ACCC opposes TPG–Vodafone merger


By Dylan Bushell-Embling
Thursday, 09 May, 2019


ACCC opposes TPG–Vodafone merger

The ACCC is opposing the proposed merger between TPG and Vodafone on the grounds that it would reduce competition and contestability in the telecommunications sector.

The regulator’s decision is largely based on the fact that TPG had abandoned plans to roll out its own mobile network following the announcement of the proposed merger.

TPG, which had appointed Huawei as its primary mobile equipment supplier, blamed its decision to abandon the rollout on the move by the federal government to ban the use of Huawei equipment in Australian 5G networks. The operator stated that it saw little point in deploying a mobile network that can’t be upgraded to 5G in the future.

But ACCC Chair Rod Sims said after investigating the proposed merger, the regulator has concluded that there is a real chance that TPG will roll out a mobile network if its merger with Vodafone does not proceed.
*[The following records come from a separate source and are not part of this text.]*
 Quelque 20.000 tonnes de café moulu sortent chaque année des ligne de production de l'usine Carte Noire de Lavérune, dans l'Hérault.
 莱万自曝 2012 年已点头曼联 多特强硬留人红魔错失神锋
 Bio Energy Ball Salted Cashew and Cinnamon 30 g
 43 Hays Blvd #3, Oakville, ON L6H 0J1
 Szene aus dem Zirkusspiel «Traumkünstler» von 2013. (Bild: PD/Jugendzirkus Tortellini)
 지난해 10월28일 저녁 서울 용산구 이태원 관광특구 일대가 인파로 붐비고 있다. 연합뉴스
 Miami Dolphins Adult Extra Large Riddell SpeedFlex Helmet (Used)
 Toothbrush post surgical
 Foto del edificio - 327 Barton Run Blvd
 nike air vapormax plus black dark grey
“TPG is the best prospect Australia has for a new mobile network operator to enter the market, and this is likely the last chance we have for stronger competition in the supply of mobile services,” he said.

“TPG has a proven track record of disrupting the telecommunications sector and establishing itself as a successful competitor to the benefit of consumers. TPG is likely to be a vigorous and innovative supplier of mobile services in Australia, offering cheaper mobile plans with large data allowances and competing strongly against incumbents Telstra, Optus and Vodafone.”
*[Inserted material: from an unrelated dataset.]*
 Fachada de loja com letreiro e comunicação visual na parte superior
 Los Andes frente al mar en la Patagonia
TPG already has around 430,000 mobile subscribers through its mobile virtual network operator (MVNO) arrangement with Vodafone. The operator paid $1.26 billion for 2 x 10 MHz of 700 MHz spectrum nationwide in April 2017 to support its full entry into the market as a mobile network operator.

But the company has already revealed it intends to take a $228 million writedown on its abandoned mobile foray.

Sims noted that market trends have also motivated Vodafone to enter the market for fixed broadband services. The company started supplying nbn services to customers in Sydney, Canberra, Melbourne, Perth, Brisbane, Geelong, Newcastle and Wollongong in 2017, and as of the end of last year had 33,000 nbn subscribers.

“These moves by TPG and Vodafone are likely to improve competition and future market contestability,” he said.

According to the regulator, the joint venture TPG and Vodafone established to acquire 3.6 GHz spectrum in December will remain operational regardless of if the merger proceeds.